As part of the plan, the task force proposes setting “performance standards” that would require states to establish paternity in an increasing percentage of cases each year and provide both financial incentives and penalties to spur compliance.
Paternity establishment “needs to be a non-negotiable expectation,” said Bruce Reed, deputy director of domestic policy in the White House and co-chairman of the task force. “It shouldn’t be up to the mother to decide whether she is going to cooperate. Then she’s subject to intimidation by the putative father. If . . . everyone is expected to establish paternity right from the start, most of the problems in the child support system would go away.”
Wayne D. Doss, president of the National Child Support Enforcement Assn., said that most professionals in the field would welcome the task force’s call for a major initiative on establishing paternity. “The Administration is pointing toward an ethic where it says it is the right of every child to have paternity established,” said Doss, the director of the Los Angeles County Bureau of Family Support Operations.
But Doss cautioned that such a dramatic expansion of state efforts to establish paternity will not be without cost. “It does present a lot of resource issues,” he said. “It would be a fairly expensive process.”
The task force report does not put a price tag on the new initiative, nor explain how it would be funded. But it says that the overall welfare reform effort--which officials have indicated might cost as much as $6 billion annually when fully phased in--would be funded by offsetting budget cuts.
Roberta Ikemi, a staff attorney at the California Women’s Law Center who works with welfare recipients in Los Angeles, raised another red flag. While it is “a good idea to have parents take responsibility for their children,” she said, establishing paternity in more cases also may force more women into an ongoing relationship with fathers who are abusive or violent. “It can be dangerous for some women,” she said.
The reluctance of welfare recipients to cooperate in paternity cases is already “a major problem” for child support collection efforts, Doss said. But, he added, welfare offices rarely impose sanctions allowed under existing law.
In their draft report, the task force calls for “clearer, stricter cooperation requirements on mothers” to help identify the father of their child.
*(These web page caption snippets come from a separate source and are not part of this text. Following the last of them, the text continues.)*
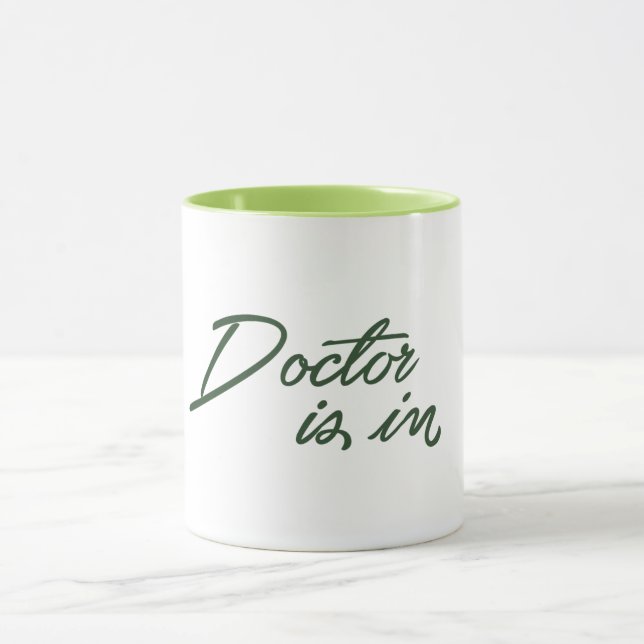 médecin en jeu médical drôle de mug (Centre)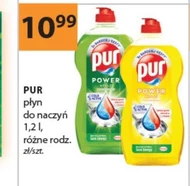 Pur Power Apple Płyn do mycia naczyń 1,2 l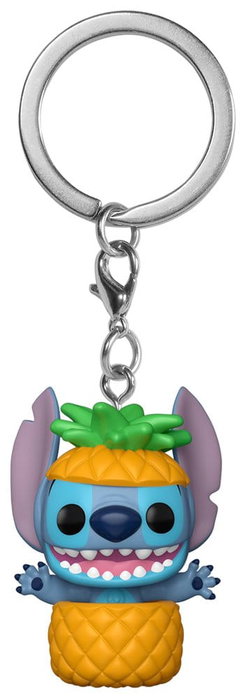 FUNKO Llavero Pocket POP Disney Lilo & Stitch - Stitch in Pineapple FUNKO Llavero Pocket POP Disney Lilo & Stitch - Stitch in Pineapple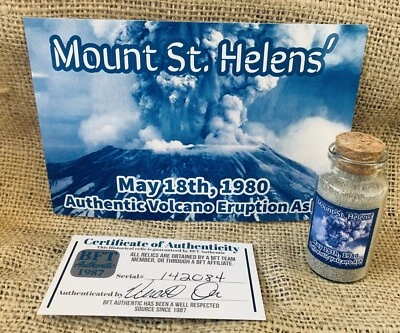 Mount St. Helens Volcano Eruption Ash 1980 - Изображение 1 из 4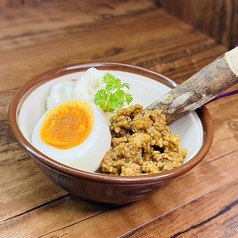 キーマカレーのポテトサラダ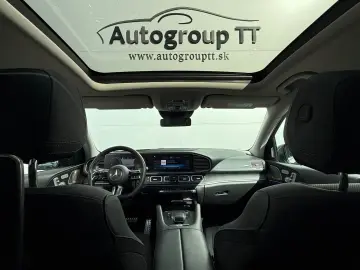 GLS 450d 4MATIC + matte transparent foil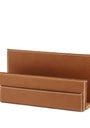 Leather Brennan Letter Rack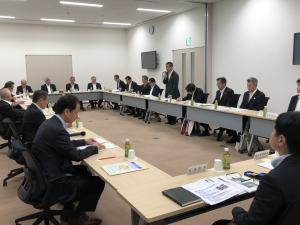 地元選出県議会議員との市政懇談会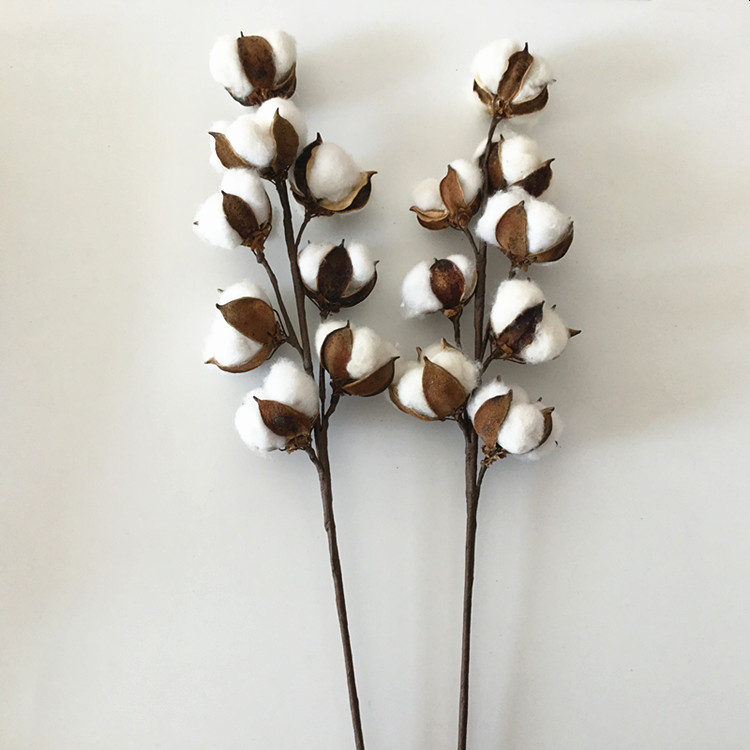 Cotton realistic decorations for living room for home use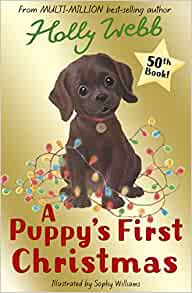 A Puppy's First Christmas Front Cover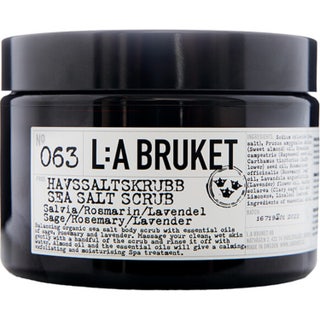 L:a Bruket 063 Havssaltskrubb Salvia/Rosmarin/Lavendel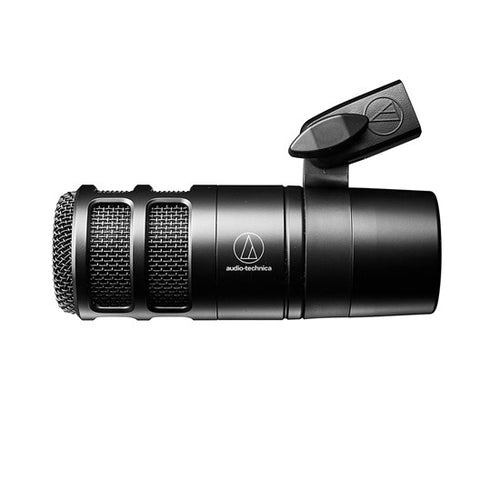 Audio Technica AT2040 Dynamic Hypercardioid Home Recording Mic w/ Built in Shock Mount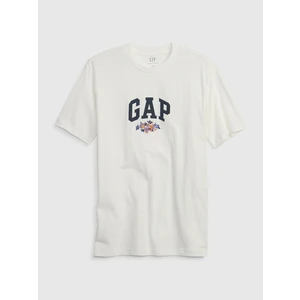 GAP T-shirt with floral logo - Men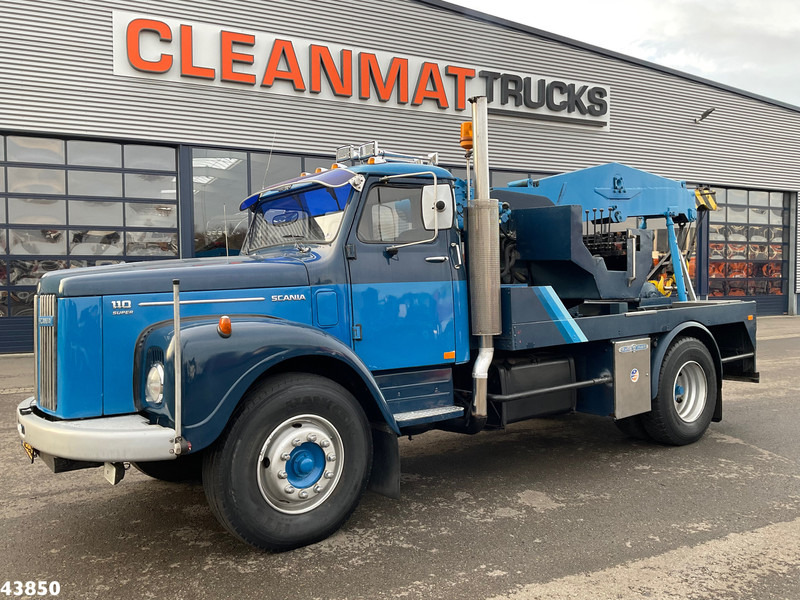 Scania L110 Bergingswagen ''Oldtimer'' - משאית גרירה: תמונה 1 Scania L110 Bergingswagen ''Oldtimer'' - משאית גרירה: תמונה 1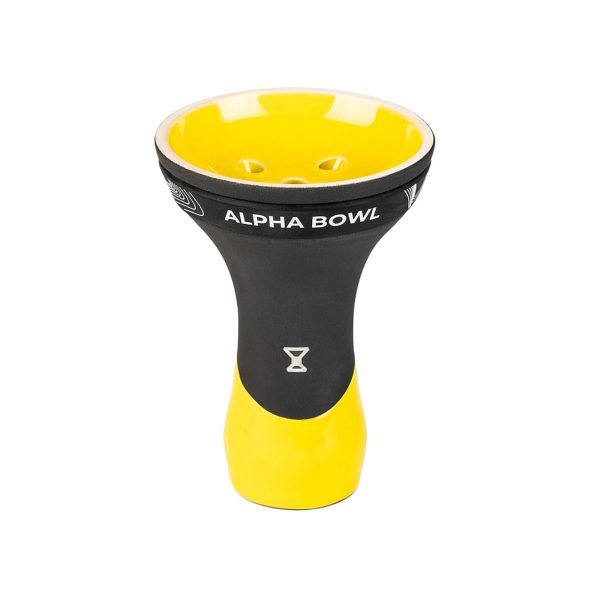 Alpha Bowl Race Classic Yellow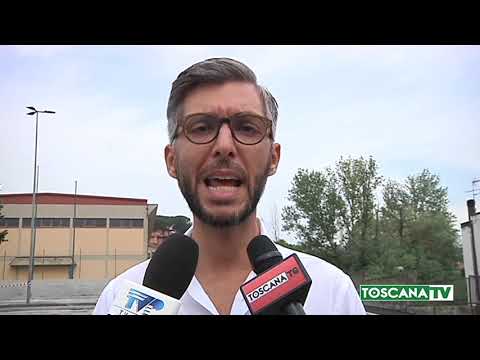 2019-07-09 POGGIO A CAIANO - INAUGURATO IL NUOVO PARCHEGGIO DI VIALE GALILEI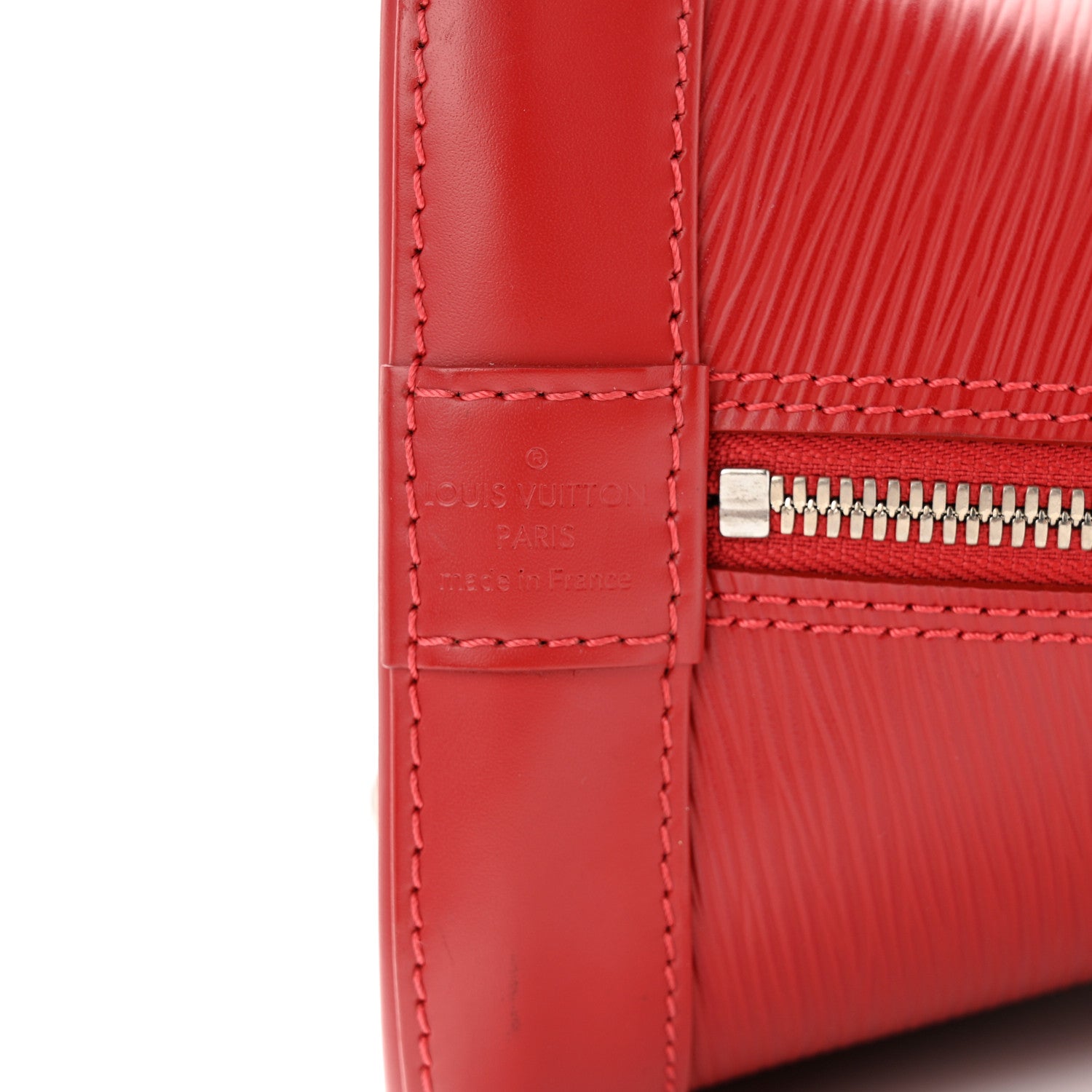 Louis Vuitton Epi Alma PM Coquelicot 7 of 11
One senior official said the group may recommend that women who do not cooperate would face reductions in their welfare benefits as well as in other means-tested government aid, such as housing subsidies.
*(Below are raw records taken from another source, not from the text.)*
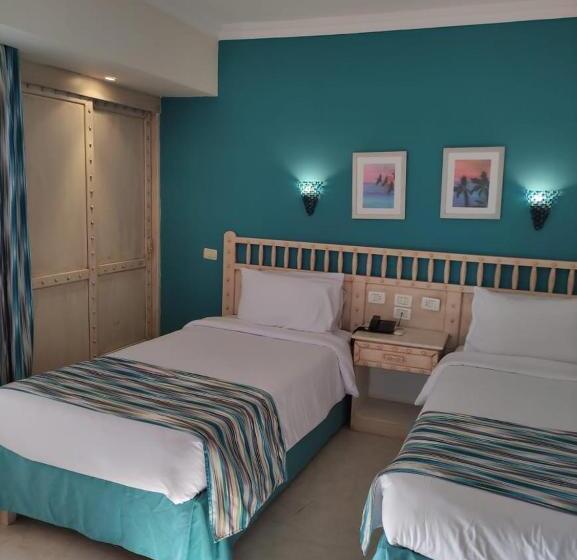 اتاق استاندارد با چشمانداز باغ, Green Sudr Resort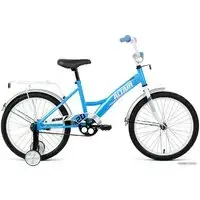Детский велосипед Altair Kids 20 2022 (бирюзовый/белый) 1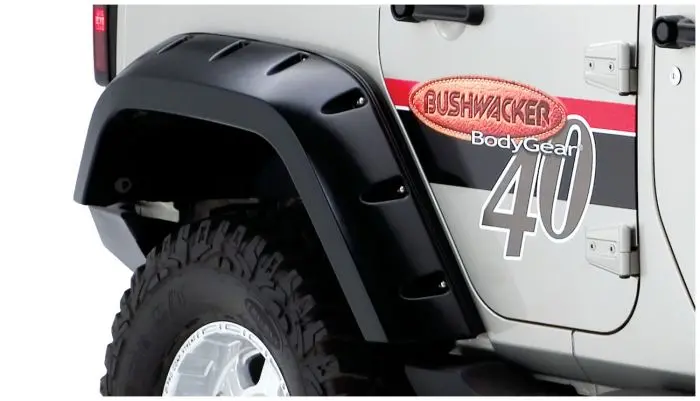 Bushwacker Max Coverage Pocket Style Flare Rear Bus10044-02 1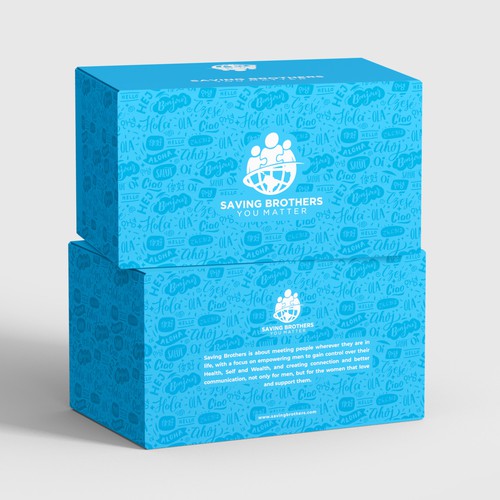Create a Cool Shipping Box for a Global Organisation Design by CUPEDIUM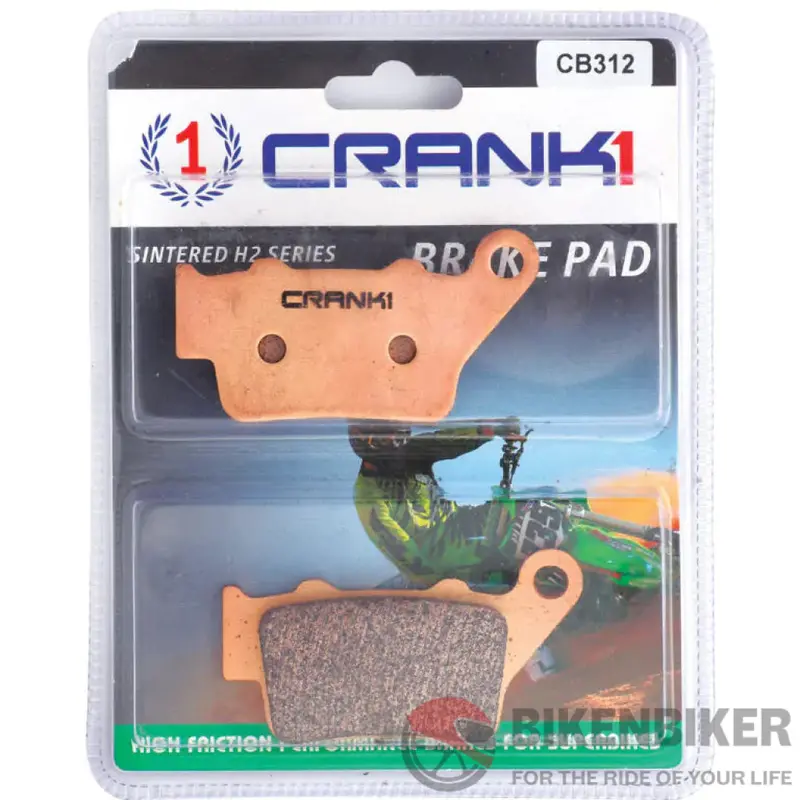 Rear Brake Pad - Crank1 1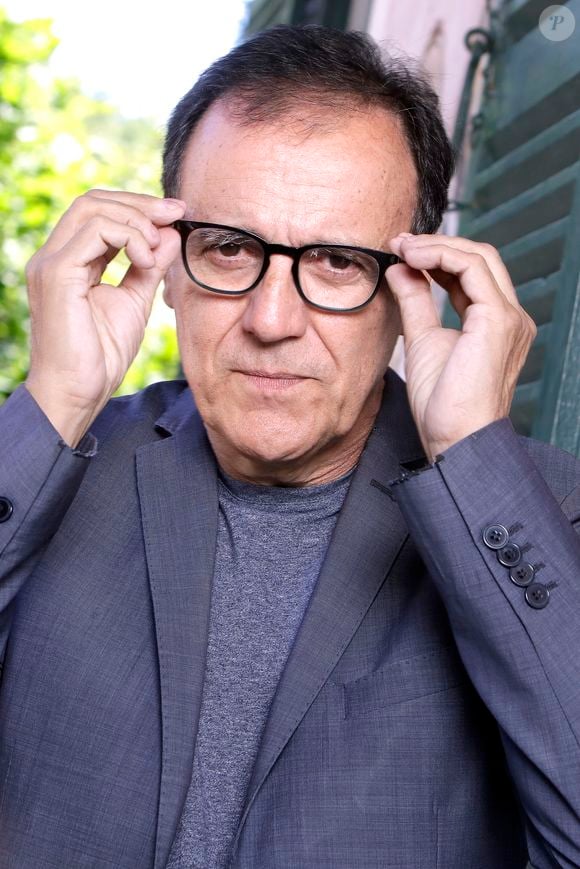 Thierry Beccaro lors de la 4ème édition des Ecrivains chez Gonzague Saint Bris (26ème Forêt des livres) à Chanceaux-Près-Loches. Le 28 août 2022
© Cédric Perrin / Bestimage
As a carrot to that stick, the group is considering providing an additional $50 a month to welfare recipients once paternity is established. Currently, mothers on welfare can receive an additional $50 a month only after a father begins paying at least that much in child support. The state keeps the remainder of child support payments made by the father of a child on welfare. Nationally, more than $2.2 billion was collected from such fathers in 1992.
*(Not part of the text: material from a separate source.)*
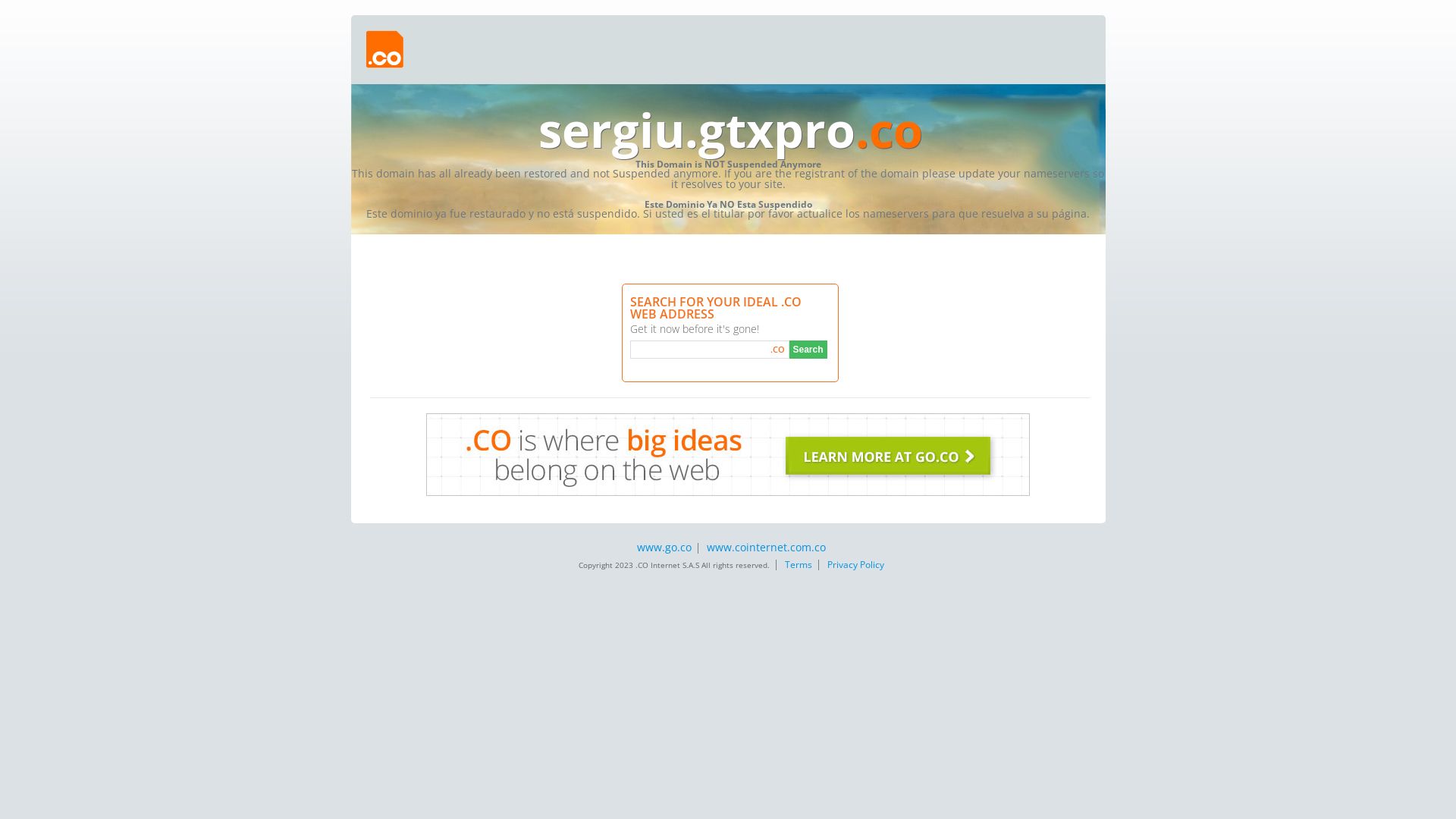 Webseitenstatus sergiu.gtxpro.co ist   ONLINE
The task force also identifies an array of measures intended to increase payment of child support once paternity is established--most importantly the creation of a national database that would track the hiring of new employees at any business in the country. That would be aimed at helping states track down absent fathers, particularly across state lines.
It also suggests testing a program under which government would guarantee child support payments to all children in single-parent families, though one senior official cautioned Wednesday that such demonstrations would be “limited” and at “the very margins of what we’re talking about.”
In response to the argument that many absent fathers--especially young parents--lack the resources to pay child support, the task force will recommend qualifying them for the same training programs that are offered to women on welfare.